3. Diferenciación y mantenimiento organoides del cerebro cortical (Día 8)
   1. Preparar el medio de diferenciación terminal (DM) utilizando los reactivos enumerados en la Tabla 2. Lleve este medio a RT.
   2. Descongelar la matriz de membrana basal 100% calificada hESC en hielo.
   3. Prepare una lámina de parafilm con hoyuelos esterilizados con etanol al 70% en una placa de Petri de 10 cm y colóquela en un estereomicroscopio debajo de una capucha.
      NOTA: Se puede utilizar una bandeja vacía de puntas de pipeta de 200 μL para generar una cuadrícula de hoyuelos.
   4. Corte el extremo de una punta de pipeta de 100 μL (para que sea de gran diámetro). Esto se utilizará para incrustar esferoides neurales en la matriz del sótano sin romperlos.
   5. Usando un estereomicroscopio, seleccione esferoides neurales de tamaño similar (500 μm) de la placa de 6 pocillos y transfiéralos a los hoyuelos de parapelícula utilizando la punta de pipeta de 100 μL de diámetro ancho, colocando un solo esferoide neural por hoyuelo.
   6. Retire suavemente cualquier exceso de medios, dejando lo suficiente para cubrir los esferoides.
      NOTA: Esto es para mantener la calidad de los esferoides antes de agregar la matriz del sótano y para garantizar que no se sequen.

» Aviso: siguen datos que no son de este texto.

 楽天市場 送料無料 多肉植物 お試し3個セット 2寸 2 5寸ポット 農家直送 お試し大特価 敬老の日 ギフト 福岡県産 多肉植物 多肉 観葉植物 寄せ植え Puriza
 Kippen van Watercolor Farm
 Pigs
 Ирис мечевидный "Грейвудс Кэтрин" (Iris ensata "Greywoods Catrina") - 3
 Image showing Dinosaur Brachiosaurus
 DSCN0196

   7. Agregue suavemente 18 μL de matriz basal sobre el esferoide, colocando el esferoide dentro del centro de la gota de la matriz. Use el extremo de una punta de pipeta de 10 μL para centrar los esferoides en la matriz.
      NOTA: Trate de agregar la matriz del sótano lo más rápido posible para evitar que el exceso de medios alrededor de los esferoides se seque.

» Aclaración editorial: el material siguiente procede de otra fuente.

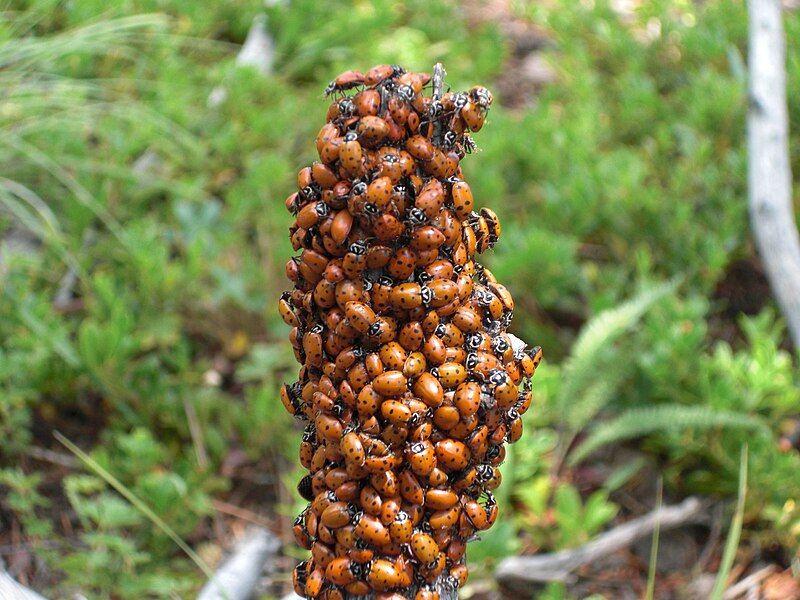 File:Convergent Lady Beetle.JPG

   8. Cubra la placa de Petri de 10 cm y transfiérala a la incubadora e incube la placa de parafilm con esferoides incrustados en la matriz del sótano a 37 ° C durante 25 min.

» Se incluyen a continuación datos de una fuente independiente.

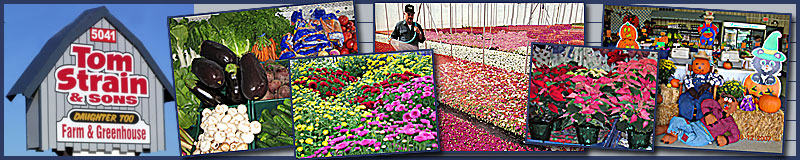 Tom Strain & Sons and Daughter Too! Farm Market and Garden Center serving the Toledo, Ohio area with plants, vegetables, fruits, Christmas trees, poinsettias and gardening supplies.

   9. Después de la incubación, enjuague los esferoides incrustados en una placa de 24 pocillos de fijación baja con una punta P1000 con 0.5 ml de los medios DM, asegurándose de que los esferoides incrustados individuales se coloquen en un pozo cada uno.
      NOTA: Si más de un esferoide incrustado cae en un pozo, use una punta P1000 de diámetro ancho para transferir el otro esferoide a un nuevo pozo.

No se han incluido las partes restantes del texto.